■ **Work instruction**: From the first line down to the line containing "The second objective", print the records below exactly, leaving every picture out.

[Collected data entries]
§ §
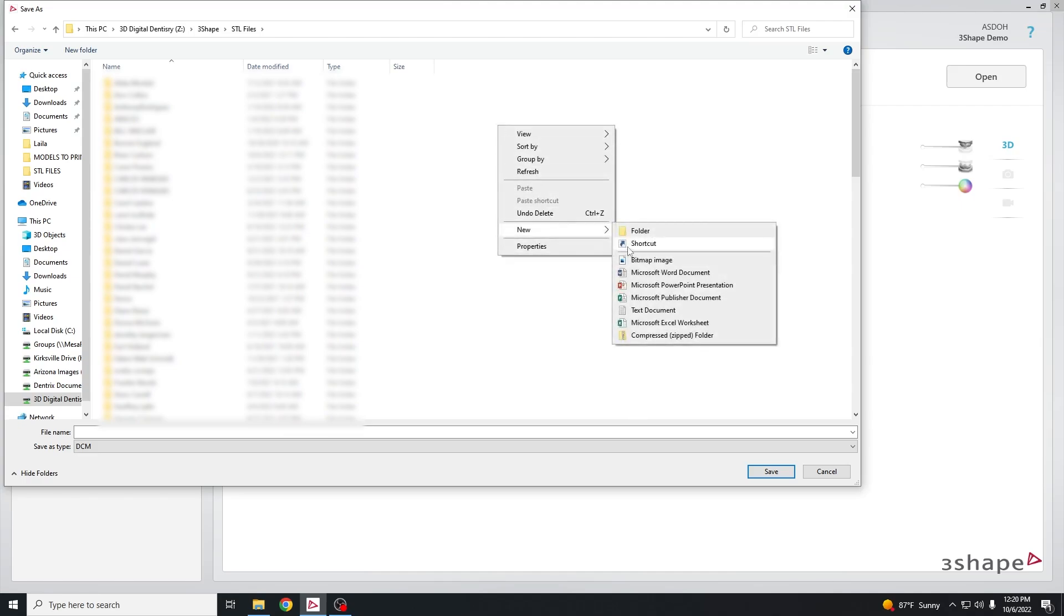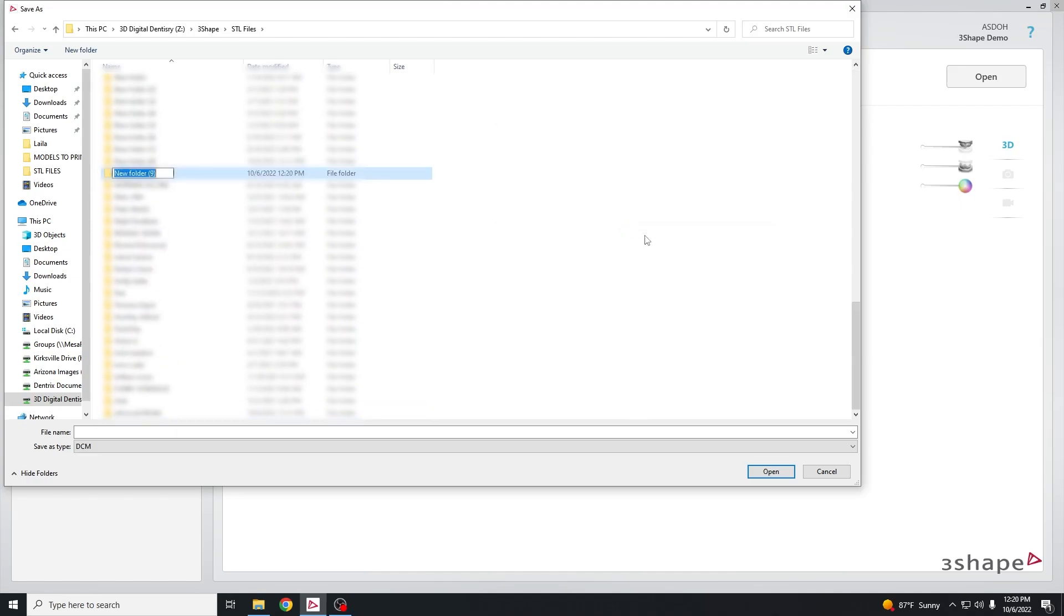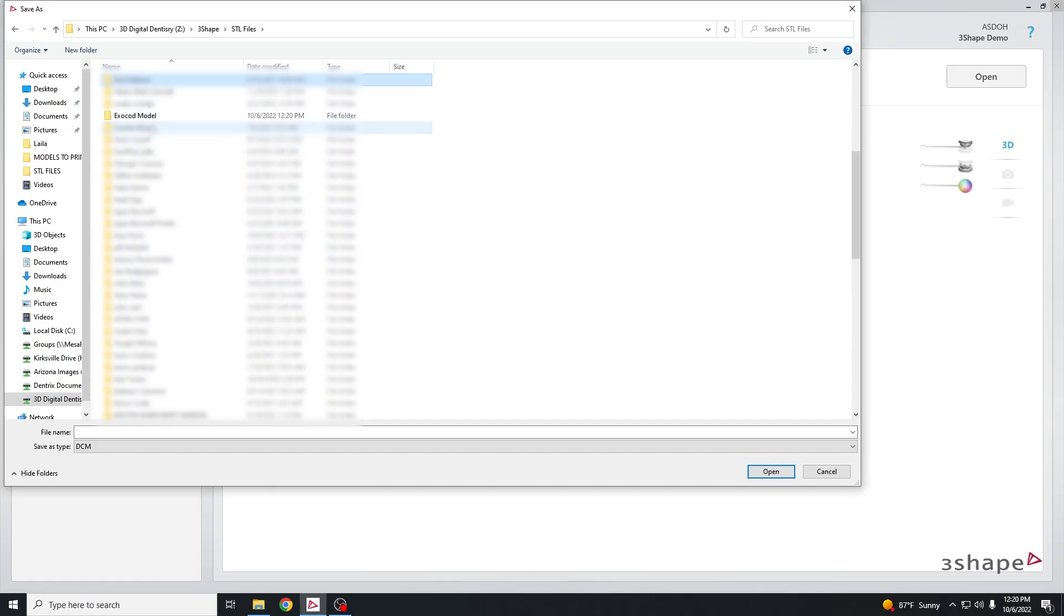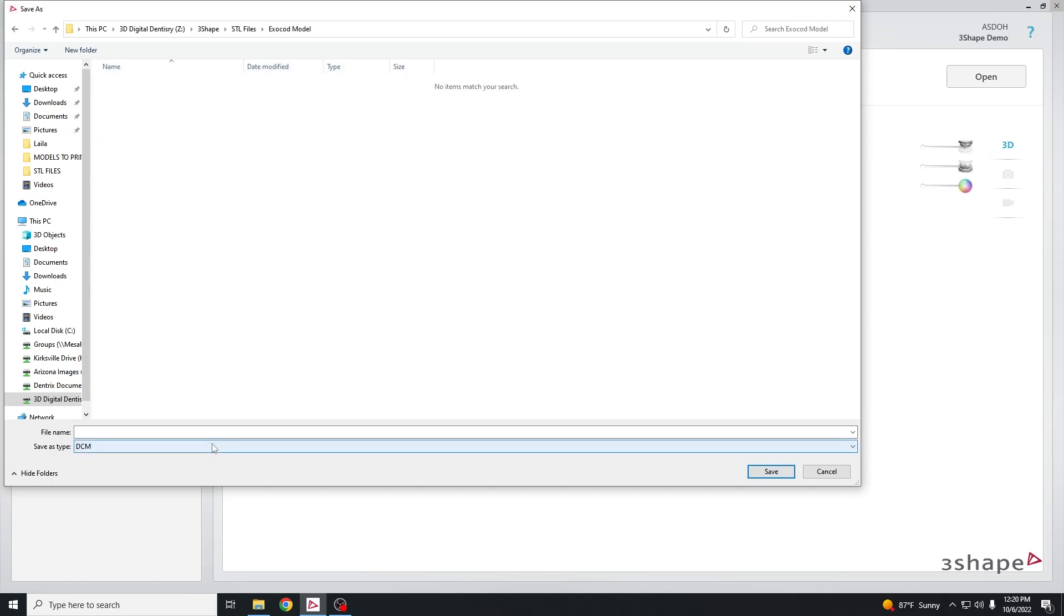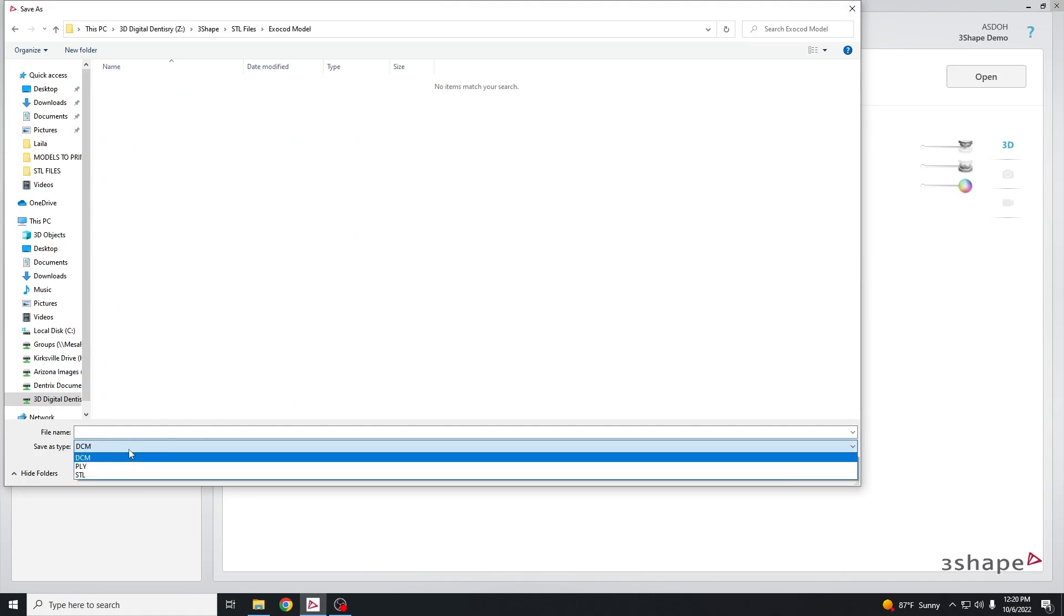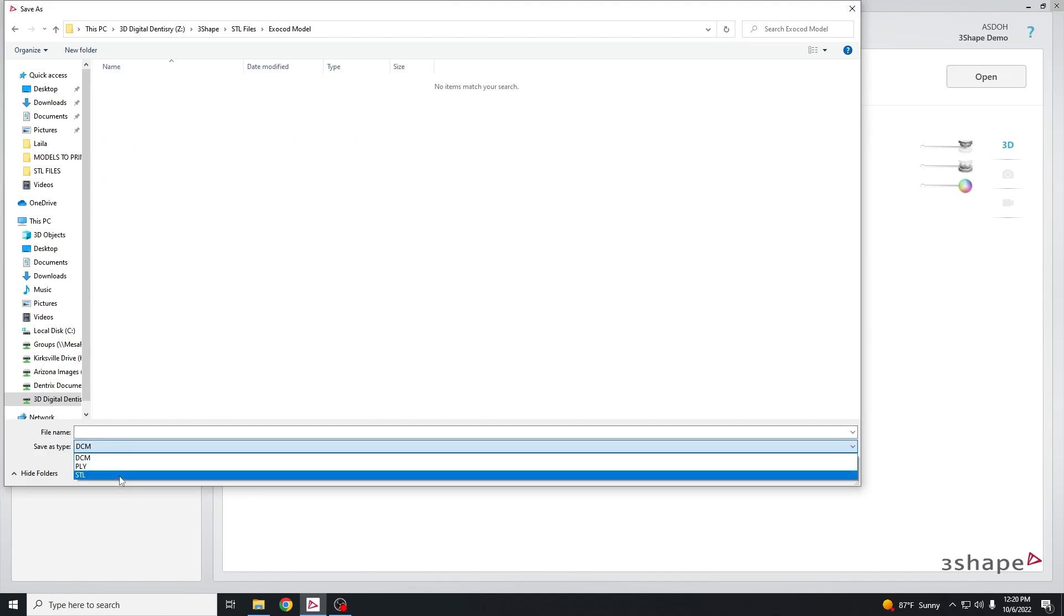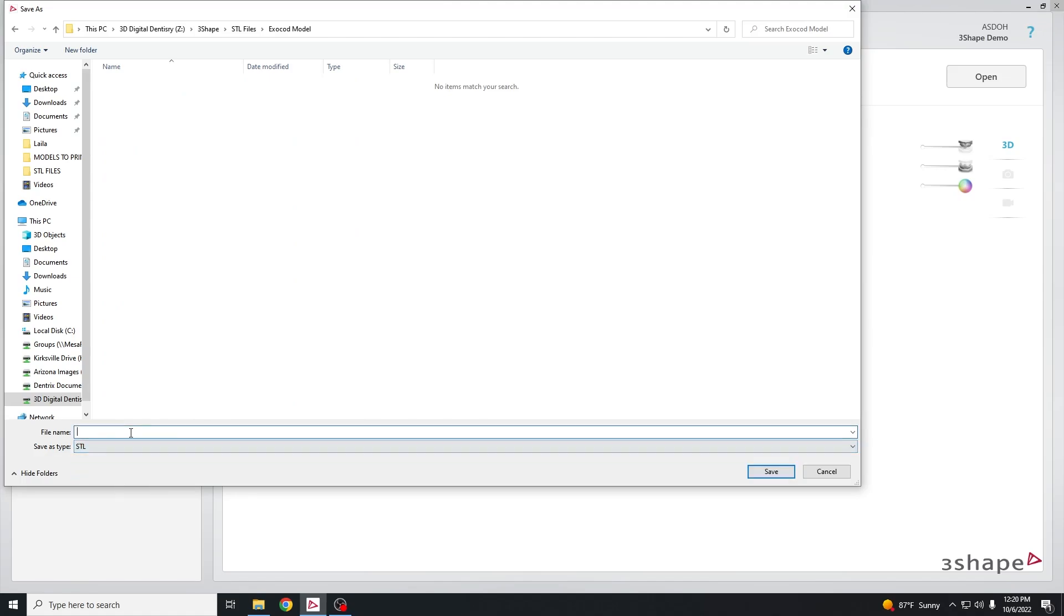Create a new folder and we'll call this Exocad model. Click on that folder, then change save as type to STL and label this with your patient's initials or their name, then hit save.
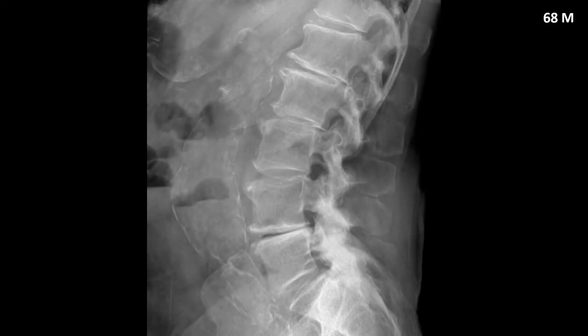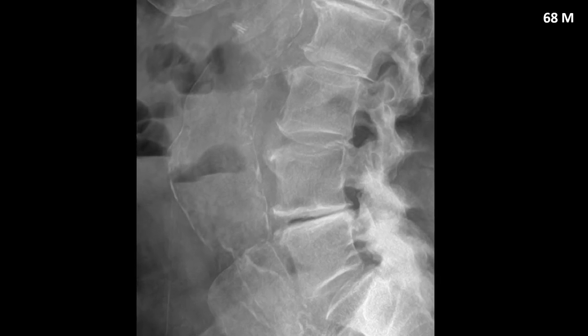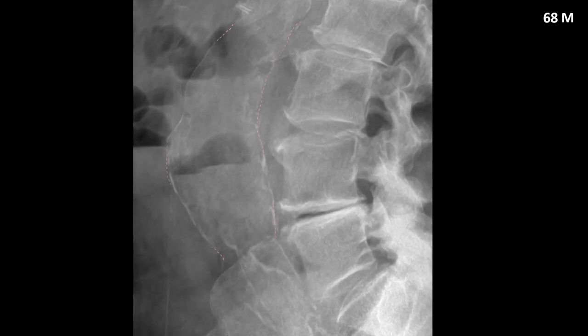This is a 68-year-old male who presented with low back pain. Abdominal aortic aneurysms are more commonly seen in men than females. As we zoom in, we can see a focal dilatation of the abdominal aorta anterior to L4, and this measured greater than 5 centimeters, which will need to be pushed on to advanced imaging such as ultrasonography or CT.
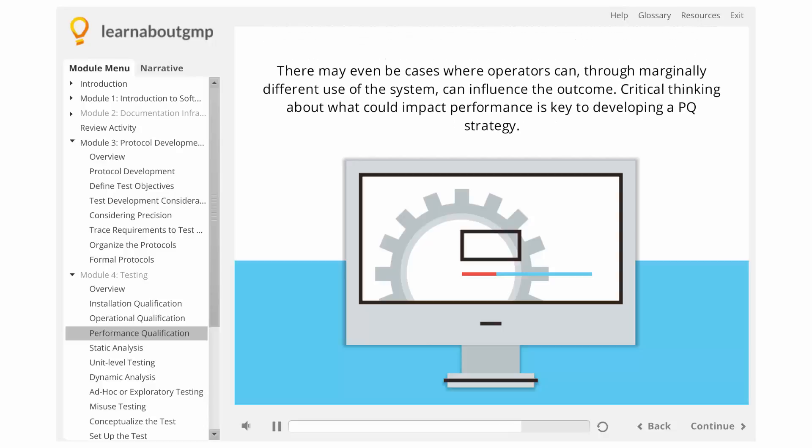There may even be cases where operators can, through marginally different use of the system, influence the outcome. Critical thinking about what could impact performance is key to developing a PQ strategy.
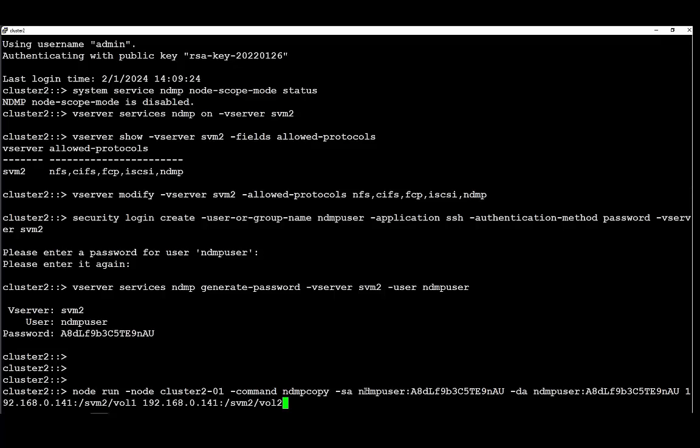Using the username we created. And the password that was generated. Because we are executing the NDMP copy on the same vServer in this example, between two different volumes using the same IP address.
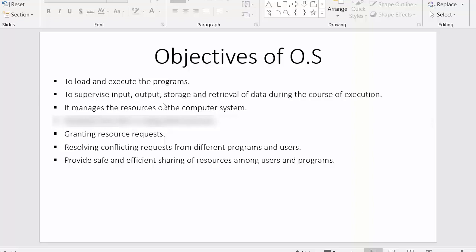The second objective is that the operating system should supervise the input/output and retrieval of data when the processor is busy executing processes.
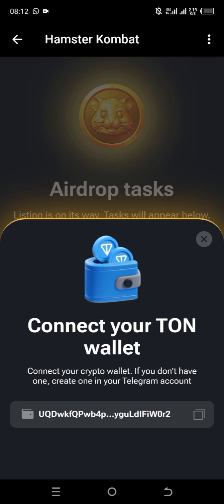In the description box of this video I'll be leaving our WhatsApp group registration link — you can join using that link. I'll also leave the Hamster Combat registration link for those who want to sign up and start participating. There is not much time; Hamster Combat is listing very soon, which means you don't have much time. Join as soon as you get this video.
§ §
■ **Response below**:
Create a new folder and we'll call this Exocad model. Click on that folder, then change save as type to STL and label this with your patient's initials or their name, then hit save.
This is a 68-year-old male who presented with low back pain. Abdominal aortic aneurysms are more commonly seen in men than females. As we zoom in, we can see a focal dilatation of the abdominal aorta anterior to L4, and this measured greater than 5 centimeters, which will need to be pushed on to advanced imaging such as ultrasonography or CT.
There may even be cases where operators can, through marginally different use of the system, influence the outcome. Critical thinking about what could impact performance is key to developing a PQ strategy.
Using the username we created. And the password that was generated. Because we are executing the NDMP copy on the same vServer in this example, between two different volumes using the same IP address.
The second objective is that the operating system should supervise the input/output and retrieval of data when the processor is busy executing processes.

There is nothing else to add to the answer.